In fact, a 2020 study found that if 16 percent of secondary school (equivalent to middle and high school) students around the world in middle and high income countries studied climate change, it would result in cutting almost 19 gigatons of CO2 by 2050. This is because educated youth would develop personal connections to climate change solutions, and change their behaviors accordingly throughout their lives. Climate education was shown to potentially be a more effective way to reduce emissions than many other single solutions.
The need for climate education in the U.S.
Young people recognize that climate change is going to shape their futures—where they live, the work they will do, and their quality of life. They need climate education in order to develop green skills, adapt to the harsh reality of a warming world, and understand how to combat climate change. But they need to learn the basics of climate change before they can do anything about it.
In the U.S., more than 86 percent of teachers and 84 percent of parents support climate change education in schools. Progress is being made in some states, but on the whole students are not learning enough about climate science quickly enough to give them the knowledge and tools they will need to cope with the impacts of climate change.
“The education system is failing the students when it comes to climate change or climate education in the formal curriculum,” said Iyengar. “We really need to pick up speed because otherwise we will have a whole generation of students who will graduate with this climate anxiety and will not know what to do because they have not been prepared by our education systems.”

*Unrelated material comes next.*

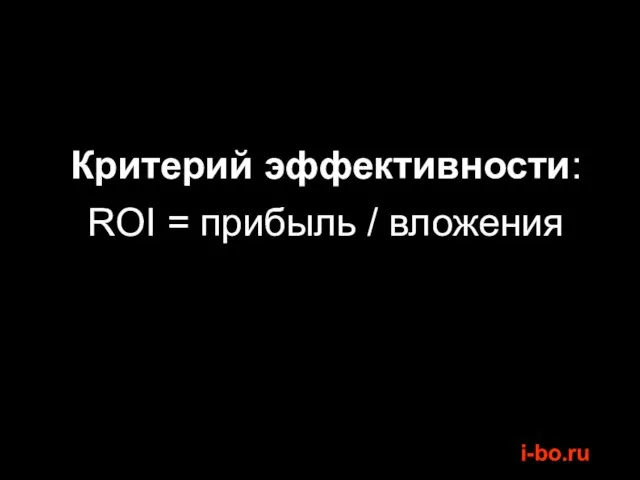 Критерий эффективности: ROI = прибыль / вложения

Science standards in the U.S.
At the start of this year, two measures that would have supported climate change education died in Congress. There is still no national consensus about the importance of climate education, and the U.S. does not have national science standards. Each state determines what its schools teach and this can vary greatly. A public school’s curriculum must follow state education guidelines which dictate what a student should know at the end of a grade or subject. How and what they are taught to get there is up to the individual school districts and teachers.

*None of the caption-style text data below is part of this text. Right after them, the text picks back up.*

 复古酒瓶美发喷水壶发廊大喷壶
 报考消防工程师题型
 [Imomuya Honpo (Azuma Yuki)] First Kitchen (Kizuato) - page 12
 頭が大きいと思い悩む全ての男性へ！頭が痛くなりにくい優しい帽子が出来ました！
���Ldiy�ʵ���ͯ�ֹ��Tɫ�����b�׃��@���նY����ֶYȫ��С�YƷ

An early effort to establish science standards in 1996 was largely ignored by states. But in 2013, the Next Generation Science Standards (NGSS) were developed by the National Research Council, National Science Teachers Association, American Association for the Advancement of Science, the nonprofit Achieve and over 24 states. They recommended that man-made climate change be taught beginning in fifth grade and incorporated into all science classes. However, the standards are voluntary. Forty-four states use the NGSS or have crafted standards based on them; the rest developed their own science standards.

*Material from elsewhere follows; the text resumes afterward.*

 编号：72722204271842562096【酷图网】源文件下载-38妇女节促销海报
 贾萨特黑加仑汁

Seven years after the NGSS were introduced, the National Center for Science Education and the Texas Freedom Network Education Fund graded the states’ climate education. Twenty-seven states, including 20 states and the District of Columbia that adopted the NGSS, scored B+ or better. Of the rest, 20 got a C+ or lower, with 10 of them scoring a D. Alabama, Georgia, Pennsylvania, South Carolina, Texas, and Virginia received Fs.
While one study from the National Center for Science Education found that 75 percent of public school science teachers do cover climate change, another 2016 survey of 1,500 middle and high school teachers found that they only devoted one or two hours to climate change during the entire academic year.
Progress in U.S. climate education
There are, however, two examples of leadership in climate education: New Jersey and Connecticut.
In 2020, New Jersey became the first state to mandate the teaching of climate change in all subjects beginning in kindergarten. The state budget includes $5 million for grants that will fund technical assistance, professional development for teachers, lesson plans, and evaluation strategies.
New Jersey schools are required to teach climate change across all subjects, including visual and performing arts, health and physical education, science, social studies, world languages, computer science, and key skills. Here’s what that can look like. Kindergarten through second graders can explore artwork responding to climate change from different perspectives. Grades three to five science classes may teach how energy and fuel are derived from natural resources and their impacts on the environment. Middle school students compare the environmental effects of different technologies that tackle climate change issues and evaluate them in computer science class. High school students collaborate with students from other countries in social studies class to develop solutions to environmental justice issues.
The ambition is commendable. However, the reality is that climate education cannot be taught equally effectively throughout the state. In poorer districts, schools may lack the resources to implement the program; these are often communities of color that are most vulnerable to climate impacts.
“I think they are doing their best,” said Iyengar who is a New Jersey resident. “But probably we should have been doing this two decades back.”
In 2022, Connecticut passed a law requiring public schools to incorporate lessons on human caused climate change into their science curriculum in line with the NGSS beginning this July. Ninety percent of the state’s schools already teach climate change, but the new law ensures that climate education will not be subject to political or budget changes. Students will learn about man-made climate change, its impacts on various communities, and potential solutions. Fifth, eighth and 11th graders will be tested on their understanding of climate change.
Oregon educators have drafted a bill that would require climate education across all subjects in grades K through 12. They are currently seeking support for it.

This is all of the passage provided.